Kth Smallest Element in a BST
Given a binary search tree, write a function kthSmallest to find the kth smallest element in it.
Note:
You may assume k is always valid, 1 ≤ k ≤ BST's total elements.
Follow up:
What if the BST is modified (insert/delete operations) often and you need to find the kth smallest frequently? How would you optimize the kthSmallest routine?
Hint:
Try to utilize the property of a BST.
What if you could modify the BST node's structure?
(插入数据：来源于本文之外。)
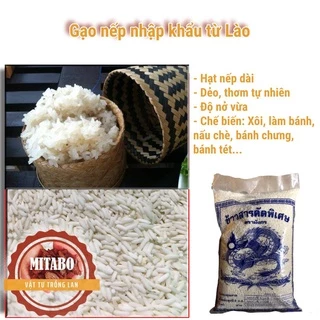 1kg gạo nếp nhập khẩu từ Lào dẻo, thơm, ngon gạo nếp chuẩn Mitabo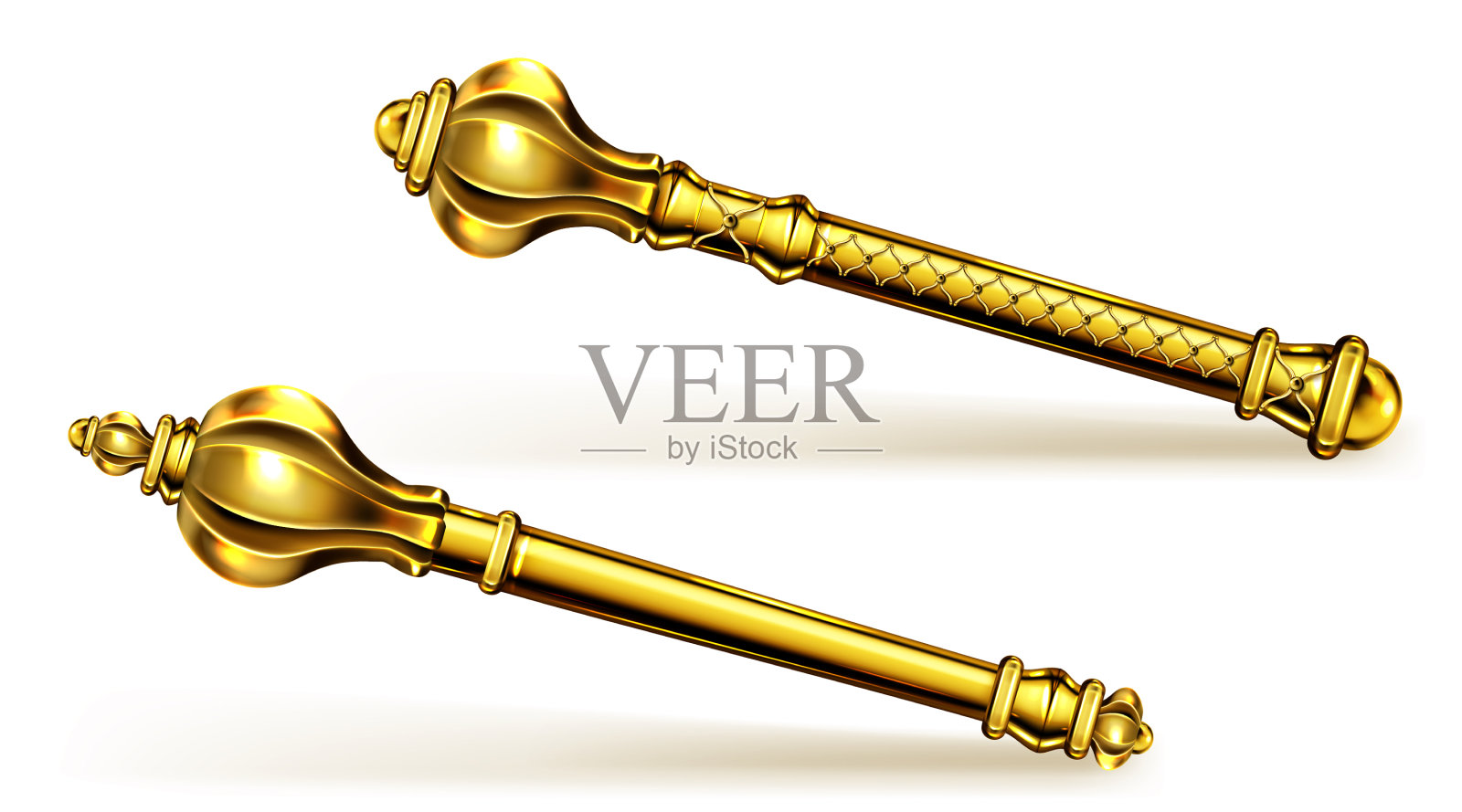 金权杖为国王或王后的皇家魔杖插画图片素材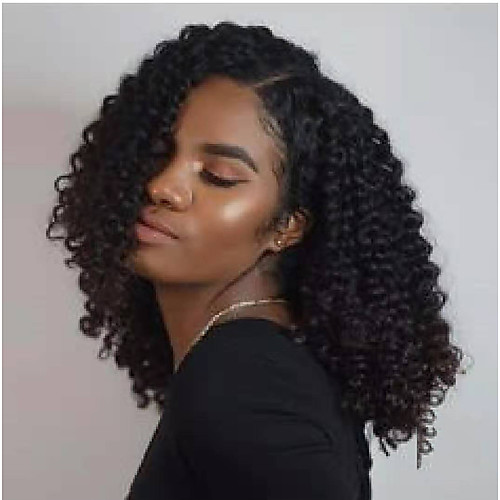 

Human Hair Lace Front Wig Free Part style Brazilian Hair Kinky Curly Black Wig 130% Density Classic Women Fashion Women's Short Long Medium Length Human Hair Lace Wig Clytie / Very Long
The optimal runtime complexity is O(height of BST).
1.解题思路
本题需要找的是第k小的节点值,而二叉搜索树的中序遍历正好是数值从小到大排序的,那么这题就和中序遍历一个情况。
public class Solution {
Stack<TreeNode> s=new Stack<TreeNode>();
public int kthSmallest(TreeNode root, int k) {
if(root==null) return 0;
pushLeft(root);
while(!s.empty()){
TreeNode node=s.pop();
if(--k==0) return node.val;
if(node.right!=null)
pushLeft(node.right);
}
return 0;
}
private void pushLeft(TreeNode root){
TreeNode node=root;
while(node!=null){
s.push(node);
node=node.left;
}
}
}
3.Follow up
如果树会经常被更改,为了效率,我们可以对树的构造稍作变更,添加一个属性,来标明该节点拥有的左子树的节点数,而这个Number就是比当前值小的节点个数,这样我们结合二分法,就很容易找到第k个小的节点值。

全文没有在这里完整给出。